I just ordered a pound of 11 different kinds of seeds will see what they like and i'll collect from that,, thanks


----------



## KQ6AR (May 13, 2008)

I remember reading a couple years ago, that sunflowers aren't very nutritional for honey bees. 
If you're planting the flowers specifically for the bees, there are better things for the bees health that you could plant.


----------



## Don'tWorryBeeHappy (May 13, 2011)

I had a small patch (20' by 8') of Mammoth Grey Stripe that the bumbles loved, but the Hons never touched. They went after every thing else in the garden and really loved the basil that went to seed, but not-a on the sunflowers.


----------



## BGhoney (Sep 26, 2007)

I've already got, borage, purple tansy, basil,lemon thyme, might get some asters. In pots I have 300 linden trees, 20 evodia and a handful of vitex. Just adding some sunflower for height and pollen and the birds. The girls loved the borage this year, waiting to see how they like the purple tansy.


----------



## avalonweddingsbcs (May 2, 2010)

go to wildflowerseeds.com in fredricksburg texas.. they have a lot of sunflower seeds to pick from...


----------



## KQ6AR (May 13, 2008)

Might want to add some anise blue hyssop to the mix. The seeds are surface sown, so they get some light. I usually cover the pots with plastic wrap to keep them moist until they sprout.
An article in the bee magazines claimed 2 acres of the hyssop can support 250 hives. I don't believe the numbers, but if they are even close its pretty amazing.


----------



## Jon11 (Mar 29, 2011)

I've also heard that an article in a bee magazine made this claim about anise hyssop, but I've never been able to locate the article. Anyone know where it is from?

BGhoney, where did you find the vitex?


----------



## Walliebee (Nov 17, 2006)

avalonweddingsbcs said:


> go to wildflowerseeds.com in fredricksburg texas.. they have a lot of sunflower seeds to pick from...


The correct address is www.wildseedfarms.com/

They carry a lot of seeds for flowers that bees love. High quality seed too.


----------



## BGhoney (Sep 26, 2007)

I think I got the vitex here off beesource, I better slow down on seeds, so far I have 18 different kinds, 3 lbs of purple tansy seeds, 3 lbs of borage, hyssop, cone flower and just got showy golden rod yesterday. My big patch will be mostly purple tansy, up to 1500 lbs of honey per acre and 2000 lbs of pollen, guess it tastes good to. I'll put patches of borage all around just to keep them happy during the darth. Check out wiki,, look up nector plants for honey bees..Once my linden(basswood) gets a foot tall or so, I'll ring the field with them. 

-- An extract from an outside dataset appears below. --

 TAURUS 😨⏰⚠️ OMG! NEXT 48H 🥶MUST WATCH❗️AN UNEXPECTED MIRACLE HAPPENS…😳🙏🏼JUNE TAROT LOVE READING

I've read a couple of places that basswood pollen can be deadly to larva, but beekeepers rave about finding a lindin forest and all the honey they get. I guess you could be killing your larva and still bringing in lots of honey.


----------



## Jaseemtp (Nov 29, 2010)

Ohh my did the girls love the basil and borage I planted last year. As long as I kept some water on it they bloomed every day and were always covered in bees. I had several Rose of Sharon and those were visited by the bees too.


----------



## Gypsi (Mar 27, 2011)

I only have black oil sunflowers. They were popular, but not much else was in bloom. Except the butterfly covered plants - ageratum?. Bees seem to prefer yellow - given a choice they liked the sunflowers.


----------



## sagittarius (Feb 17, 2004)

BGhoney said:


> If anyone knows of a good seed and a place to order it let me know..


 I get black oil sunflowers for the bird feeders in the winter. When broadcast and disked in this germinates great. You can get the larger grey stripe at many bird shops by the pound, or pet warehouse places. I planted both, separate years, in 12' by 400' strips. Both worked great for bumble bees, honey bees visited the grey stripe a bit more than the black oil. Once the goldfinches found it, they stripped the heads before they reached full maturity. It was quite a site watching 200 goldfinches bust out of the sunflowers when you walked by. The doves, and turkeys never got any seeds, deer didn't even bother them much. Gave up on the sunflowers, and put the space back into white clovers.


----------